6:20 AM I decide I should stretch. I stretch. I take off my left shoe and adjust my sock. I stretch some more. I take off my left sox turn it inside out and then rightside out and put it back on my foot. I re-tie both shoes. I stretch. I take off my shoes and put the sock from my right foot on my left and the sock from the left foot on my right. I am not nervous. I stretch.


6:30Am We are all supposed to be in our starting corrals by 6:30. None of the real runners make any attempt to do so. I am with the rookies in the middle of the 10 mins per mile corral with this guy.

Larry the Lighthouse

Yes. Larry was running with us this morning and he was lit.

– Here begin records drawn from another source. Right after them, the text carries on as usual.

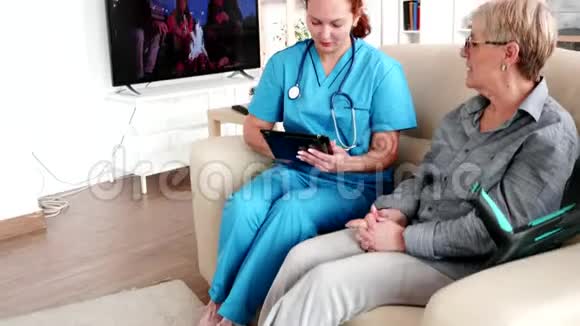 女护士在养老院拿着平板电脑视频的预览图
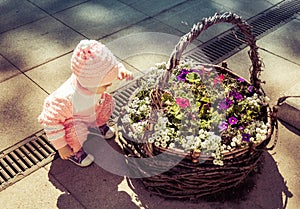 A child is playing in a flower bed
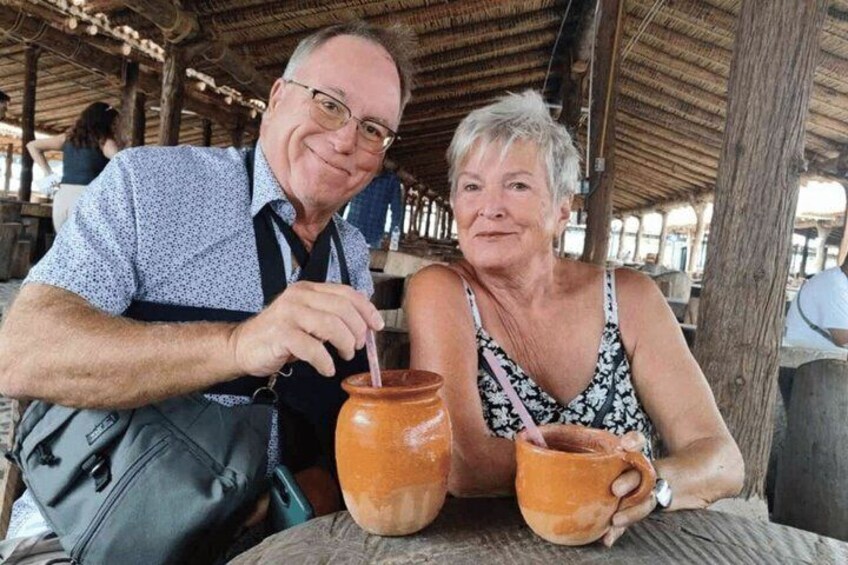 Two people sitting at a table with a large clay pot and a straw. 2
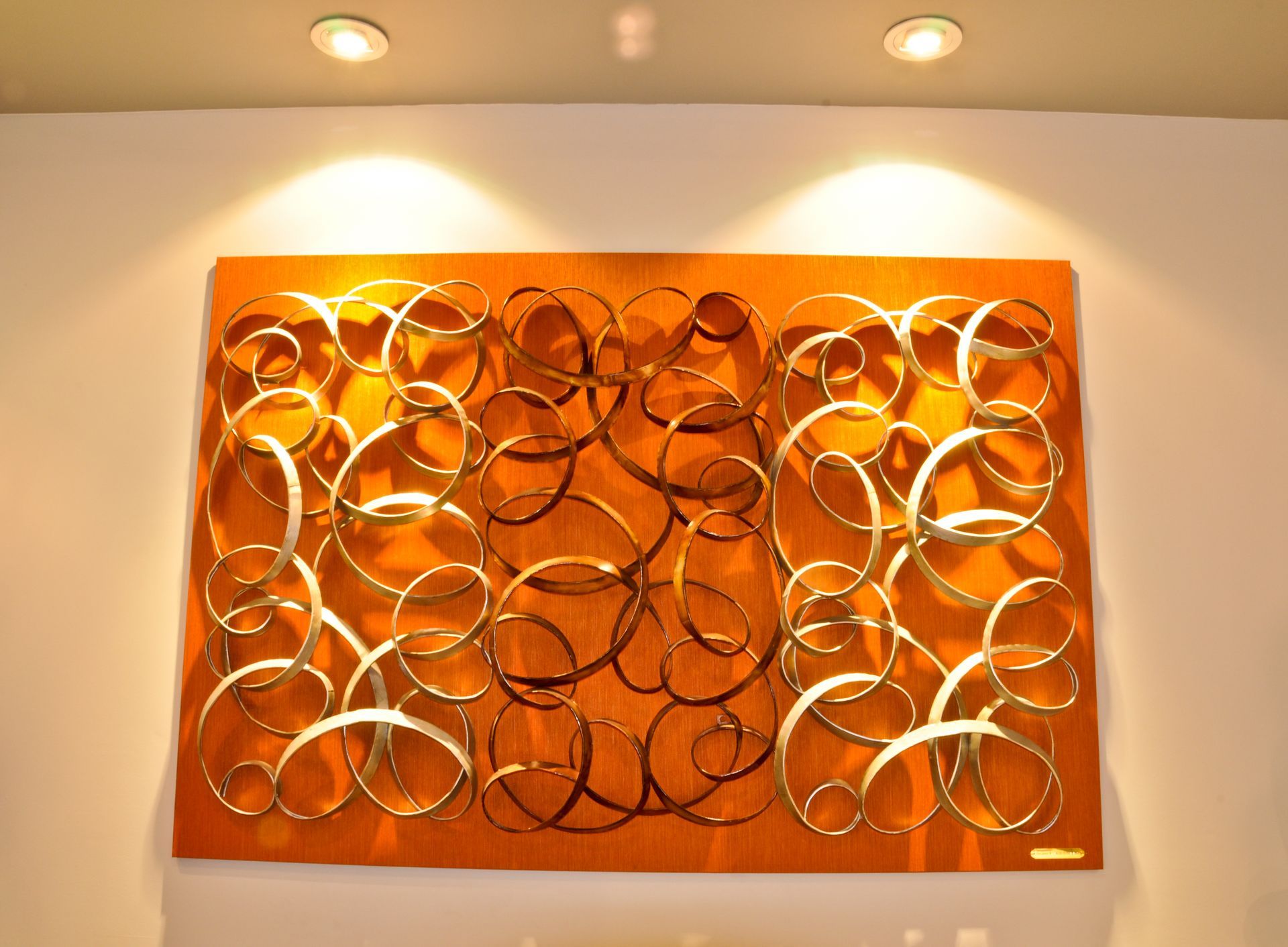 Orange abstract wall art with gold swirling circles, lit by two spotlights.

I went to jog a little. I fixed my shoe again. I go up to look at the ducks again but they are gone.

6:45am
Suddenly there is very loud symphonic music playing and a woman's voice screaming out commands on how to stretch and no one is paying the slightest bit of attention to any of it. Even Larry is being ignored as the runners begin to crowd into the start areas 8:00 8:30 9:00 9:30 10:00 min mile. I know I am giving away the end of the story, but I think the reason I ended up finishing behind 8700 runners is that 9750 were in front of me to start, maybe if I started in front of a few thousand more I'd finish higher. Maybe.

7:00 We're off. It takes eight and half minutes for me to get to the start line, but we all have these cool yellow chips on our shoes that the computer reads and gives you the actual time it took for you to go from the start to the finish.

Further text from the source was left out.